Discomfort drives change. But by the same token, change creates discomfort.
The tension between these two paradoxical concepts lies at the core of healthcare marketing planning and communication. And
as healthcare marketers, our ability to leverage the comfort/discomfort paradox appropriately defines our ultimate success
in the marketplace. This is especially true of challenger brands, who need to make their competitive value instantly clear
by making direct hits on an emotional level.
Allure of comfort
We human beings are hard-wired to find and sustain comfort: comfort food, comfort zones, and old favorites. We are loyal to
the tried and true. We move to and try to stay in our place of comfort.
Yet our job as marketers is to change customers' perceptions, preferences, and behaviors towards our products or services.
Our job is to make people uncomfortable enough to change their current behavior. Their comfort is not in our best interest.
Left to their own devices, our target customers would choose to stay in their comfort zones, which means they wouldn't use
or even try the product or service we're offering.
Discomfort, unmet needs, and challenger brands
Obviously, not all product categories are populated by fiercely loyal patrons who cling to their comfort zones like intrepid
Chicago Cubs fans. Many categories of consumer products have users loyal only to the next coupon or sample. In our industry,
the challenge of changing customer preferences is made more intense by the seriousness of the healthcare professional's responsibilities.
Changing preferences for toothpaste carries a significantly lower risk than changing preferences for chemotherapy alternatives,
diagnostic techniques, or surgical protocols. There's got to be a very compelling reason to consider changing.
If we want to convince a physician to change prescribing behavior, we must first convince him or her that there is something
lacking with the way things are currently done. We must stir the pot a bit to create discomfort with the current brand, brands,
or processes that can only be rectified by changing to our brand. We must move them to the point of discomfort that creates
urgency to change, where not changing is simply unacceptable.
This process is especially true when developing plans for challenger brands that don't have the big budgets.
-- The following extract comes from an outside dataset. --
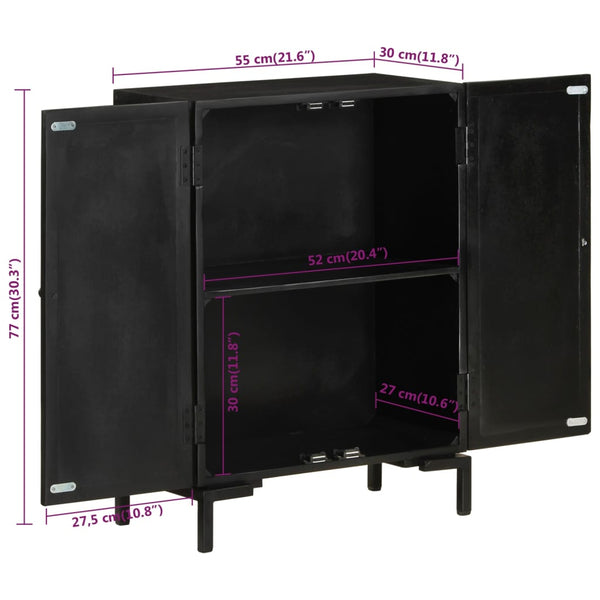Schwarzes Mango Massivholz Sideboard 55cm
Challenger brands
need to think differently from market leaders. They need to offer new criteria for choice. For challenger brands, a clear
path to leveraging your target customer's discomfort is critical to success.
Enter Maslow's hierarchy of needs. You remember: it's that pyramid-shaped chart (like the government's original food chart
that told us we couldn't eat Frito's and cheesecake with every meal). The idea is that our most basic of needs (like breathing,
eating, and drinking) must be satisfied before we can attain higher levels of needs (like self-esteem, respect by others,
morality, or creativity). Applied correctly, it defines the key areas of comfort and discomfort for our species (Figure 1).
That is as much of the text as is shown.